WHAT YOU HAVE TO DO ::
Please retype all of the entries that follow, leaving the images out.

(Saved entries)
——————————
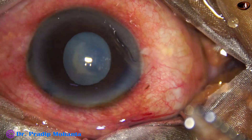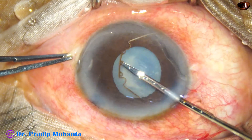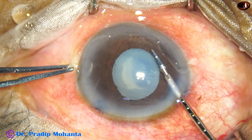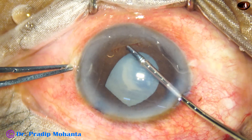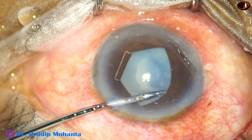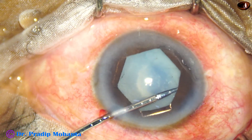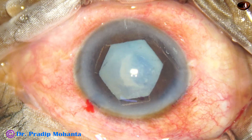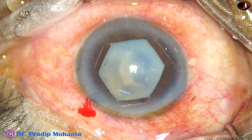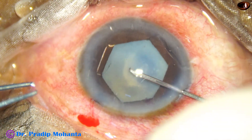I hold the middle tab with the B-hex forceps — this is a 23G B-hex forceps. Go inside, turn a bit and place this flange under the side port, centered at 11 o'clock. Then the middle tab is placed towards 5 o'clock, and then go through the left side port and place this flange towards 10 o'clock. The pupil has now taken a beautiful hexagonal shape, and this dilatation will be maintained throughout the surgery.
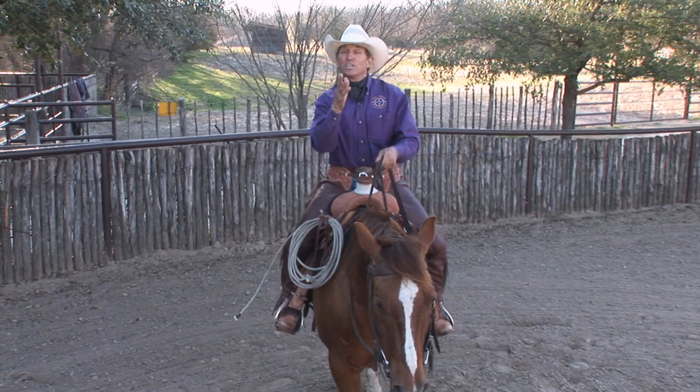Hi, I'm Craig Cameron, and on today's show we're going to talk about lateral movement, side pass, leg yield — what they are, how to develop it, and how to use it to enhance your horsemanship. That's all coming up next on Ride Smart.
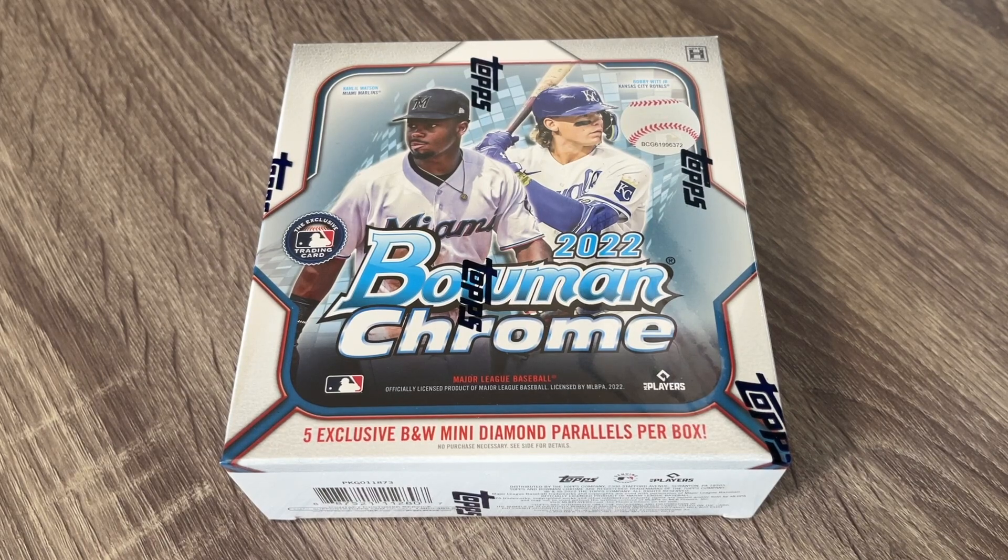Hey everybody, hope you're having a great and wonderful day. For me today, today is Bowman Chrome 2022 release day.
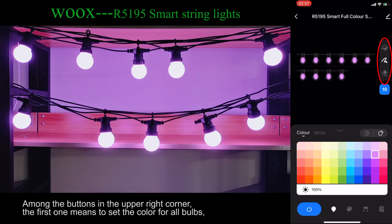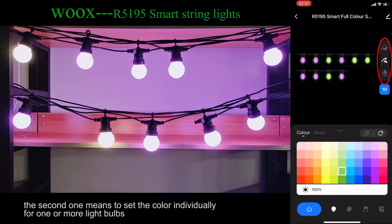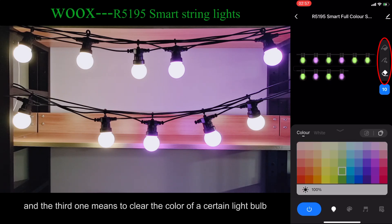Among the buttons in the upper right corner, the first one means to set the color for all bulbs. The second one means to set the color individually for one or more light bulbs. And the third one means to clear the color of a certain light bulb.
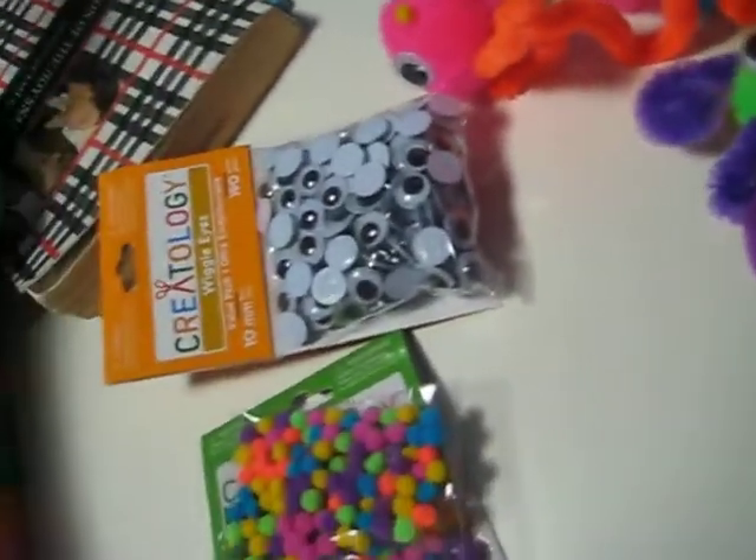This is a video showing you materials for fluffles. These are for the nose and the ears or the tiny feet — I bought two of those. You also need googly eyes, any size, as long as they will fit on the fluffles.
——————————
SOLUTION TO THIS TASK ::
I hold the middle tab with the B-hex forceps — this is a 23G B-hex forceps. Go inside, turn a bit and place this flange under the side port, centered at 11 o'clock. Then the middle tab is placed towards 5 o'clock, and then go through the left side port and place this flange towards 10 o'clock. The pupil has now taken a beautiful hexagonal shape, and this dilatation will be maintained throughout the surgery.
Hi, I'm Craig Cameron, and on today's show we're going to talk about lateral movement, side pass, leg yield — what they are, how to develop it, and how to use it to enhance your horsemanship. That's all coming up next on Ride Smart.
Hey everybody, hope you're having a great and wonderful day. For me today, today is Bowman Chrome 2022 release day.
Among the buttons in the upper right corner, the first one means to set the color for all bulbs. The second one means to set the color individually for one or more light bulbs. And the third one means to clear the color of a certain light bulb.
This is a video showing you materials for fluffles. These are for the nose and the ears or the tiny feet — I bought two of those. You also need googly eyes, any size, as long as they will fit on the fluffles.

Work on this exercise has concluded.